Narisetti says that engagement -- that same kind of engagement that digital subscription-selling news publishers now highly prize -- is core to this commerce business.
"Seventy percent of our commerce audience is organic, direct or recirculation from within our GMG network," Narisetti said. "We don't buy commerce audience. Our Facebook numbers are in the lower double digits, slightly higher for some, slightly lower for some, so a significant proportion of our traffic comes directly."
How profitable is this business?
"Well, it depends on how you measure margins, right?," said Felipe Holguin, now president and COO of Univision's Fusion Media Group, which includes the GMG sites and others. "This is incremental revenue. All you're doing is supporting certain articles or certain identified promotions. The cost is minimal, but the margin on e-commerce is huge.
"We've got four or five people who are writing the deals stuff; they're essentially content creators on the ad side. That's your sunk cost, and then the more you can spin this, there's essentially no additional cost. As the team gets bigger, the costs will increase, but hopefully it will be tied to increased revenues."
It is a separate-from-the-newsroom commercial writing team that puts together what add up to dozens of deals on any given day.
The widening Univision commerce strategy
If we are to understand the emerging Univision digital strategy, we first have to understand the composition of this new Univision.
There's the Spanish-language TV Univision itself, the country's fifth-largest network, which continues to move through its own set of trials and tribulations and is often rumored for sale or a public debut. It's a legacy business trying to find growth.
In less than two years, Isaac Lee, now Univision's chief content officer and overseer of its digital businesses, has crafted a wide portfolio of digital properties, in part to provide that growth engine. This evolving collection of properties -- which may still find new additions -- tells us where the mothership -- Univision itself, a company with about $3 billion in revenue -- may be going.
You may not immediately recognize all of Univision's new offspring or know how they are related.

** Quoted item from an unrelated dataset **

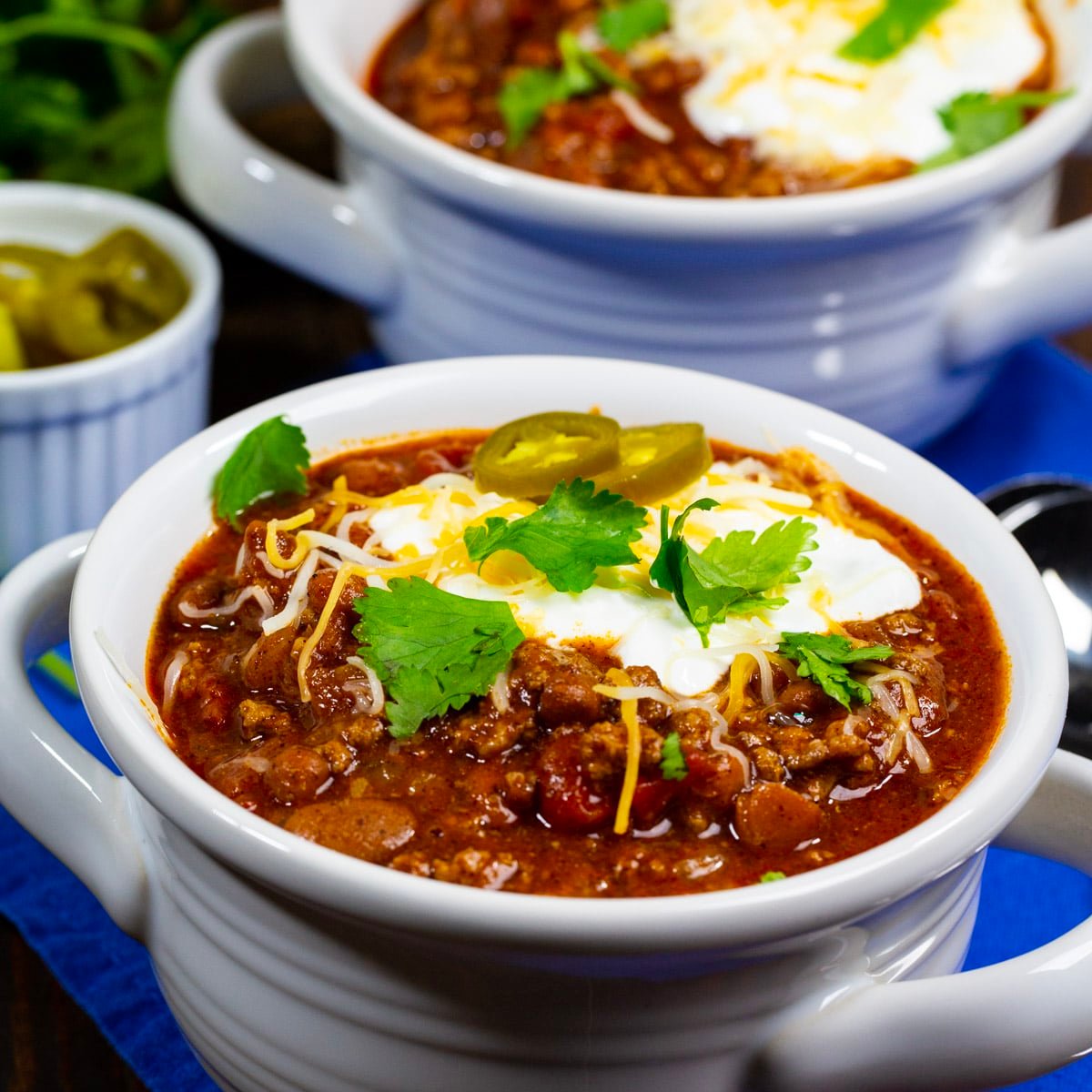 Rotel Chili topped with sour cream, cilantro and jalapenos.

It's a cheaper by the dozen, hard-to-recognize family that Univision has become almost overnight, and almost all by adoption.
Today, its Gizmodo Media Group contains the six properties it got from the Gawker deal and two added in to the group, which was just christened in the fall. The Root, the impressive digital-only African-American news site Univision bought from Graham Holdings (GHC) two years ago, is now part of GMG. Then there's its homegrown Fusion.net, which has seen an eventful short life. Disney's (DIS) ABC and Univision created Fusion in October 2013 as a much-ballyhooed TV/digital, 50-50 partnership (that's the fusion) site aimed at millennials, with an emphasis on English-speaking Hispanics.